» **WHAT YOU SHOULD DO**
Every picture should be left out, but the lines below must be repeated exactly.

Captioned web images
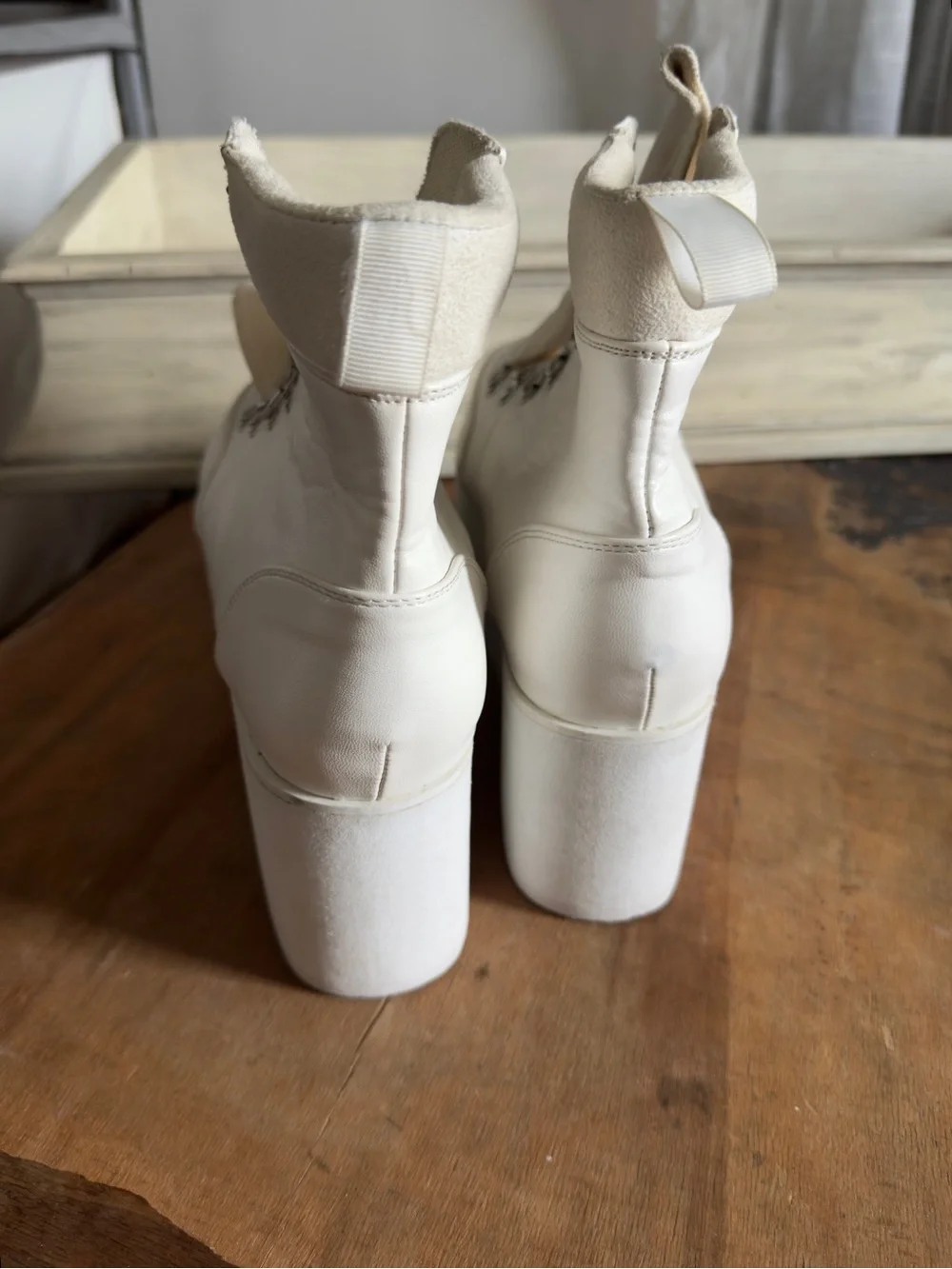N.Y.L.A. Lunar / All Time High ankle platform boots BK-E909 in white Dolls Kill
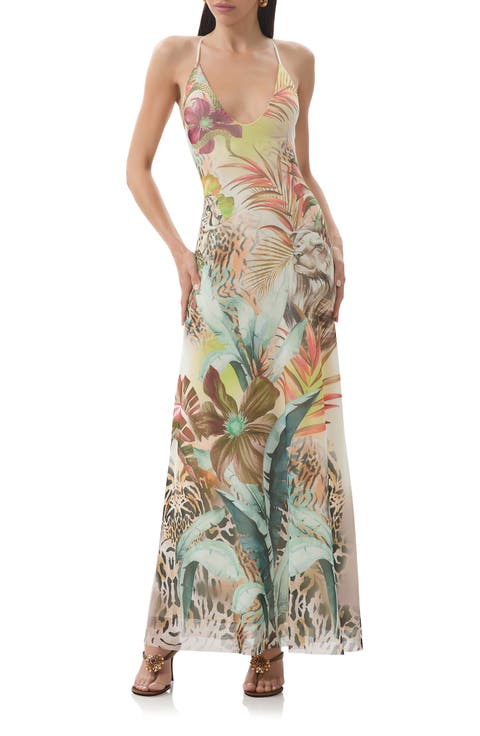 Romy Printed Mesh Maxi Slipdress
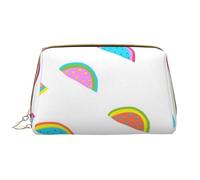 Große Make-up-Tasche, Leder-Kosmetiktasche, Reise-Toilettenartikel-Organizer, Make-up-Tasche, Pastèque colorée drôle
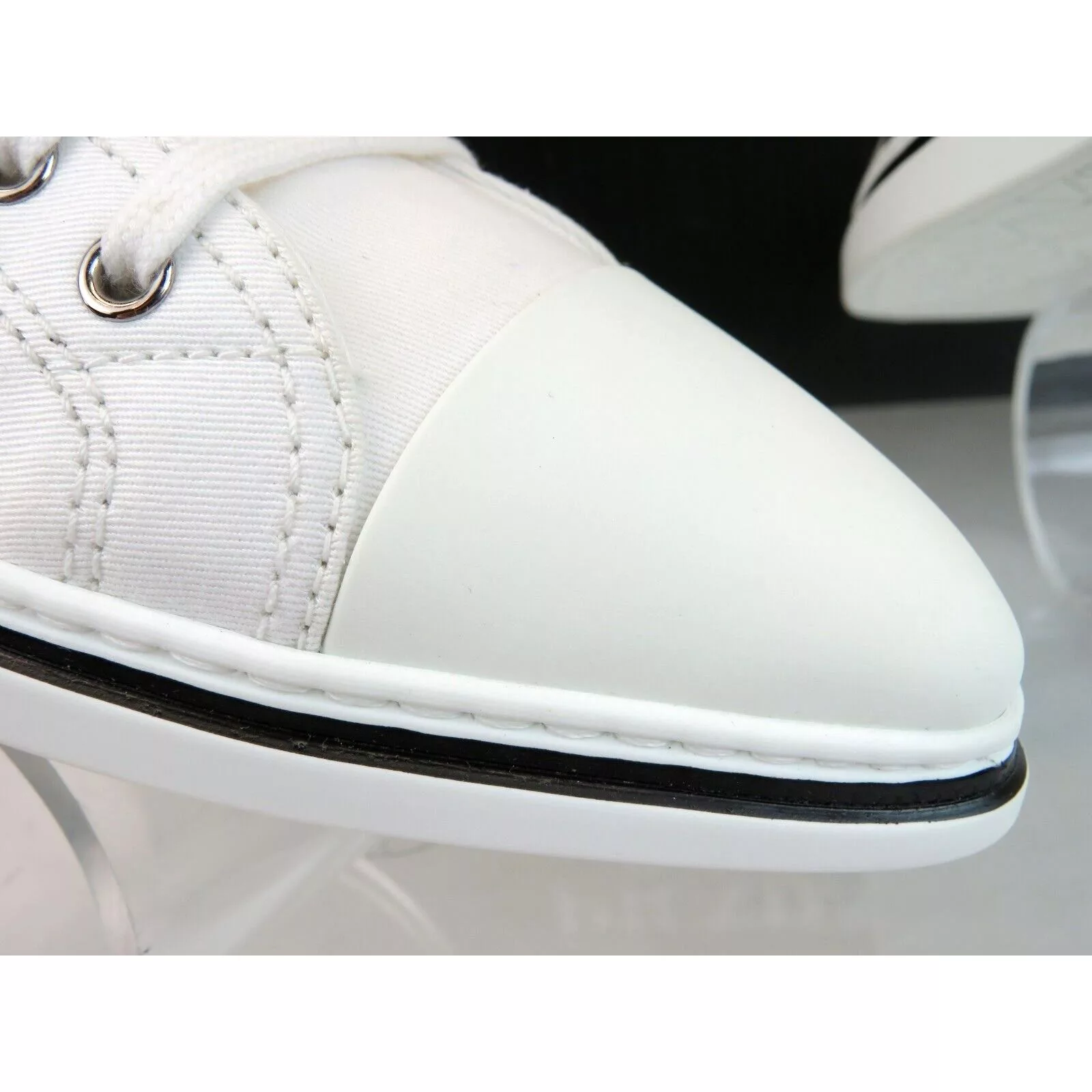 Prada Low Top Sneakers Prada 1T618M WHITE BLACK POLKA CANVAS LOGO POINTY CAP SNEAKERS 40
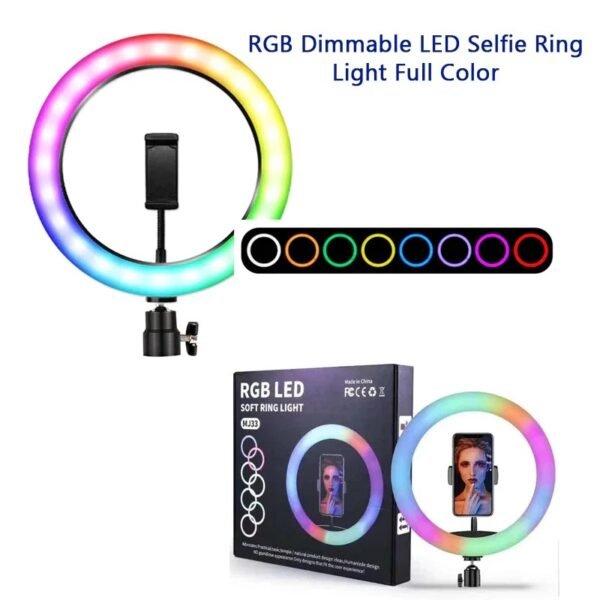 879b4452960d7bffc84505680894ae3d RGB Ringlight 26 CM MJ26 With Mobile Holder Adjustable Lighting For Photography Video Recording Makeup And Live Streaming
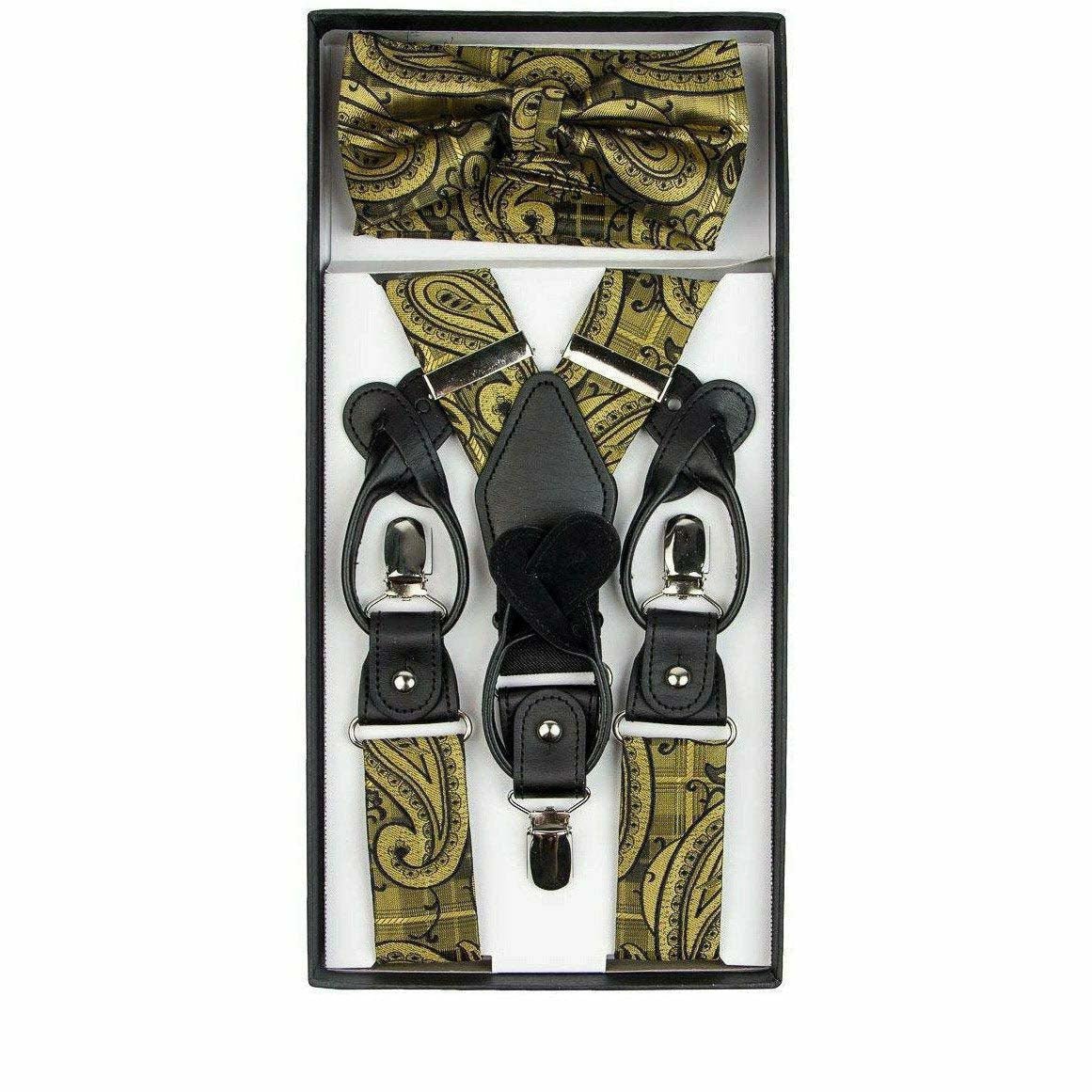 Vittorio Farina Men's Paisley Clip End Suspender with Silver Hardware in Gift Box: 70% Polyester & 30% Elastomer Vittorio Farina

» **RESULT BELOW**
N.Y.L.A. Lunar / All Time High ankle platform boots BK-E909 in white Dolls Kill
 Romy Printed Mesh Maxi Slipdress
 Große Make-up-Tasche, Leder-Kosmetiktasche, Reise-Toilettenartikel-Organizer, Make-up-Tasche, Pastèque colorée drôle
 Prada Low Top Sneakers Prada 1T618M WHITE BLACK POLKA CANVAS LOGO POINTY CAP SNEAKERS 40
 879b4452960d7bffc84505680894ae3d RGB Ringlight 26 CM MJ26 With Mobile Holder Adjustable Lighting For Photography Video Recording Makeup And Live Streaming
 Vittorio Farina Men's Paisley Clip End Suspender with Silver Hardware in Gift Box: 70% Polyester & 30% Elastomer Vittorio Farina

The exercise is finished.